Marina Azzimonti & Vincenzo Quadrini

___________________________________________________________________

Abstract: We study how cross-country macroeconomic spillovers caused by sovereign default affect equilibrium bailouts. Because of portfolio diversification, the default of one country causes a macroeconomic contraction in countries that hold its debt, which could justify why a given country may want to bailout another. But why do creditor countries choose to bail out debtor countries instead of their own private sector? We show that this is because an external bailout could be cheaper than a domestic bailout. We also show that, although anticipated bailouts lead to higher borrowing, they can be Pareto improving not only ex-post (after a country has defaulted) but also ex-ante (before the country chooses its debt).

Enrique Mendoza & Vincenzo Quadrini

___________________________________________________________________

Abstract: The sharp, secular decline in the world real interest rate of the past thirty years suggests that the observed surge in global demand for financial assets outpaced the growth in the supply. We argue that (a) this phenomenon was driven by faster growth of emerging market economies (EMs) and changes in the financial structure of both emerging and advanced countries, and (b) the low-interest-rate environment made the world economy more vulnerable to financial crises. A two-region model in which financial assets provide productive services and private debt can be defaulted on, predicts that faster growth in EMs and financial structural change cause a sharp rise in demand for financial assets and a drop in the world interest rate. This, in turn, increases financial and macroeconomic instability worldwide.

Cesaire Meh, Vincenzo Quadrini & Yaz Terajima

___________________________________________________________________

Abstract: This paper shows that, when financial contracts are not fully enforceable and firms observe their own nominal sales before the observation of the aggregate nominal price, the optimal financial contract is not fully indexed to inflation. Because of the limited nominal indexation, which is endogenous in the model, unanticipated inflation affects aggregate investment and future economic activity. The macroeconomic volatility induced by price uncertainty, however, is not monotone: it first increases and then decreases with nominal price uncertainty. We also show that the degree of nominal indexation declines with real idiosyncratic volatility and the impact of an inflation shock decreases with nominal indexation. Using firm-level data from Canada we find that both predictions are supported by the data.

Tommaso Monacelli, Vincenzo Quadrini & Antonella Trigari

___________________________________________________________________

Abstract: We study the importance of financial markets for (un)employment fluctuations in a model with matching frictions where firms borrow under limited enforcement. Borrowing affects employment through a `debt bargaining channel': higher debt improves the bargaining position of employers with workers and increases the incentive to hire. We estimate the model structurally and find that the debt bargaining channel accounts for about 30 percent of unemployment fluctuations.

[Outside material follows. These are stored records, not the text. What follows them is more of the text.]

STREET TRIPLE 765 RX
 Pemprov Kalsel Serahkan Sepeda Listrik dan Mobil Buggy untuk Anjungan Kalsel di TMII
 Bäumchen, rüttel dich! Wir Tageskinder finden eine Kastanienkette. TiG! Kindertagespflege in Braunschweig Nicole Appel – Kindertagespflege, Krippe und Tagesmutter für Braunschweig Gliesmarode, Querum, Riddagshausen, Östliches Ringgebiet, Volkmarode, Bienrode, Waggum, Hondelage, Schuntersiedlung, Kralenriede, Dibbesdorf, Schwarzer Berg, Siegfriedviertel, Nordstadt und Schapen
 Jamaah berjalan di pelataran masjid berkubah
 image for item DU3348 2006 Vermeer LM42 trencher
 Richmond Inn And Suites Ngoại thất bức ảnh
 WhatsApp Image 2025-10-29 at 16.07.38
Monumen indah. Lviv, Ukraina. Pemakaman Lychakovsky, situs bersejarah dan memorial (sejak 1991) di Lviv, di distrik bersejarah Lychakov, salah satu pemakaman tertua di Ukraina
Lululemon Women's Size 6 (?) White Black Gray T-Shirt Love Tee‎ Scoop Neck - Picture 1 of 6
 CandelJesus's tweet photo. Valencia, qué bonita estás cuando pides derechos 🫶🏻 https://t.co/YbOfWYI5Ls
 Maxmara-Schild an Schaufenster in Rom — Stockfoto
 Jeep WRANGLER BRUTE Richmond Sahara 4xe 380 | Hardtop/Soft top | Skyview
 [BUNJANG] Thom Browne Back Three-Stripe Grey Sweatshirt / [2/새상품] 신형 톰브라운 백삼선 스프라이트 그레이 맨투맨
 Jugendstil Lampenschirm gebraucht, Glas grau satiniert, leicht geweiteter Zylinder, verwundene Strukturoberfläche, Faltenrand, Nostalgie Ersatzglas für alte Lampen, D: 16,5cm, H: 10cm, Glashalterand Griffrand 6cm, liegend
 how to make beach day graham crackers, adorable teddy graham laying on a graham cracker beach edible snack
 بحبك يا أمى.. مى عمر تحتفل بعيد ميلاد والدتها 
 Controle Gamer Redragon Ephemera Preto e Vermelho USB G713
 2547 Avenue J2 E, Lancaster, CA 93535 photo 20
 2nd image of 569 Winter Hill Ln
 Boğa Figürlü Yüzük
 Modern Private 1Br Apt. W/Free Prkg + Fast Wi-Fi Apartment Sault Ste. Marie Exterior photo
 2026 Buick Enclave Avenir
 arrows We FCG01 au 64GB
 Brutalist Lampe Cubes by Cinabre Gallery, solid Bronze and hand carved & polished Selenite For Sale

We find empirical support for the channel at the micro level using firm level data from Compustat. 

Vincenzo Quadrini, Qi Sun, Junjie Xia & Ting Zeng

___________________________________________________________________

Abstract: We study the properties of individual wealth growth and mobility in China using the China Household Finance Survey. We find that capital gains is the most important factor in generating wealth mobility while individual savings play a minor role. The second finding is that housing wealth is important for wealth mobility due to the high share of housing in household portfolios and the large cross-sectional dispersion in housing capital gains. The third finding is that wealth mobility increases with households' debt. To capture these features of the Chinese economy we construct a general equilibrium model where households choose three types of assets: housing, stock market investment and risk-free bonds (or debt when negative). We then use the calibrated model to explore the consequences of financial development and policies on wealth distribution and mobility.

Wukuang Cun, Vincenzo Quadrini, Qi Sun & Junjie Xia

___________________________________________________________________

Abstract: We use Chinese manufacturing data to show that upstream manufacturing industries received higher credit during the monetary expansion of 2005-2011. However, the higher credit received by upstream industries did not generate a similar increase in `trade lending' to downstream industries, which limited the transmission of the credit expansion to the whole manufacturing sector. We develop a model that formalizes some of the key features of the Chinese economy and show why a credit expansion tilted toward the upstream sector may not fully cascade to the whole economy.